Here is the abstract of David Pitcher’s article.
Beale, perhaps an expert in the authorial intent of New Testament writers, in his Inaugural Lecture noted that compared to modern exegetical methods the various
opinions regarding the exegetical approach of the New Testament writers including their interpretive approaches are strange or even wrong or illegitimate. He began his article with the premise that the New Testament writers “were writing under divine inspiration and that God would certainly have a more exhaustive understanding of their intention.” He introduced the term “cognitive peripheral vision” to explain what “is going on” when New Testament authors make direct statements with an explicit meaning but many are at the “edges” with “blurring at these edges.”
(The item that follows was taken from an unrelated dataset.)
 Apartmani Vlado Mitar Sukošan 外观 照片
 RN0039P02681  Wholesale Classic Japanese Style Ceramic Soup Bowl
This article will attempt to place in focus with an appropriate lens these “edges” and in doing so provide new forensic evidence that the Apostle Paul did indeed write the letters to Timothy and Titus. It will not try to aim to determine every implicit meaning in those letters but merely provide a prescription to and in doing so place in focus the authorship of the letters. Although others have asserted New Testament writers “echo” an Old Testament passage unawares4 and that “they did not know the full meaning of what they wrote” but only “part of the meaning” this article will illuminate the optics at least the Apostle Paul used in his epistles, the discovery of which begins with a paradigmatic analysis.